▶ _DATA PROVIDED_
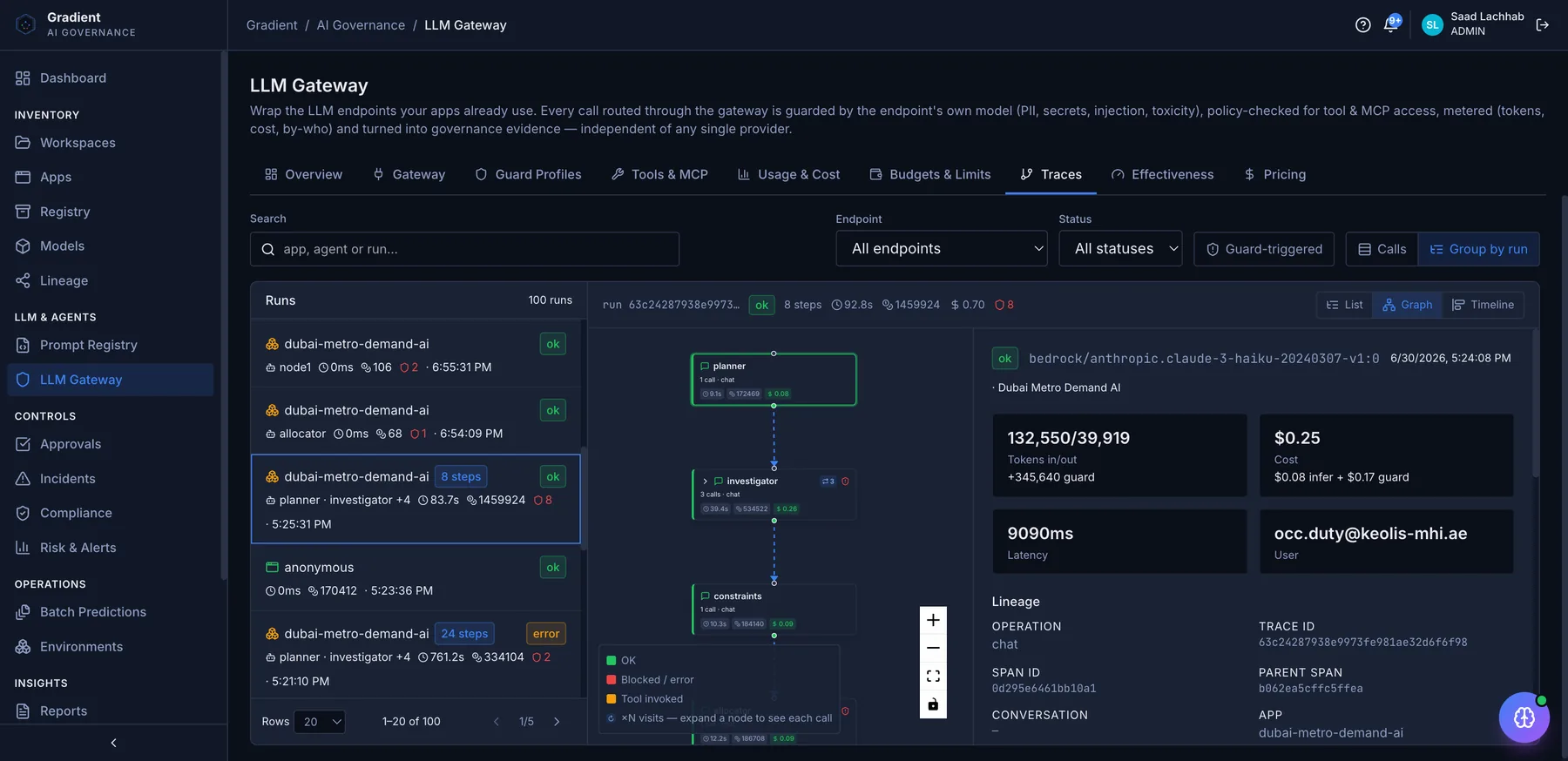 Governance gateway trace graph of a multi-agent run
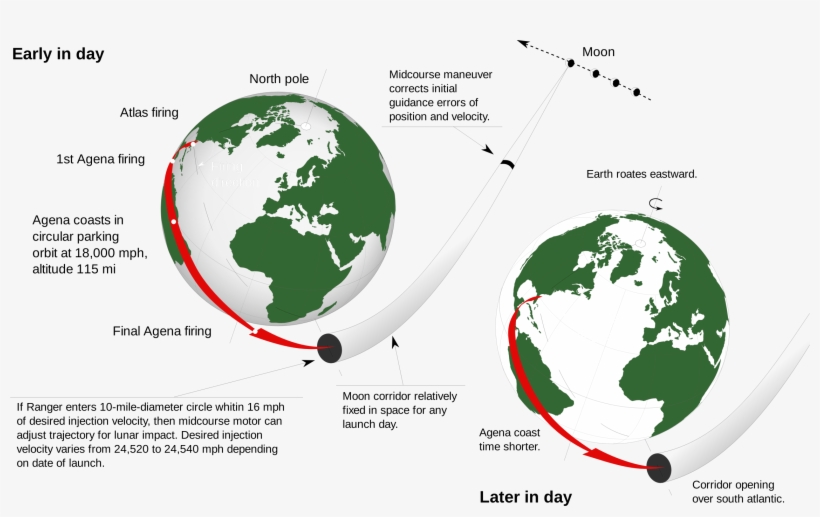 This Free Icons Png Design Of Ranger Parking Orbit, transparent png #5554830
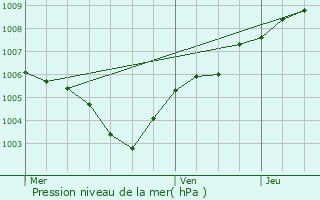 Graphe de la pression atmosphrique prvue pour Wasseiges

▶ _WORK TO BE COMPLETED_
Print all the lines above exactly as they are, but without the pictures.

▶ _RESULT_
 Governance gateway trace graph of a multi-agent run
 This Free Icons Png Design Of Ranger Parking Orbit, transparent png #5554830
 Graphe de la pression atmosphrique prvue pour Wasseiges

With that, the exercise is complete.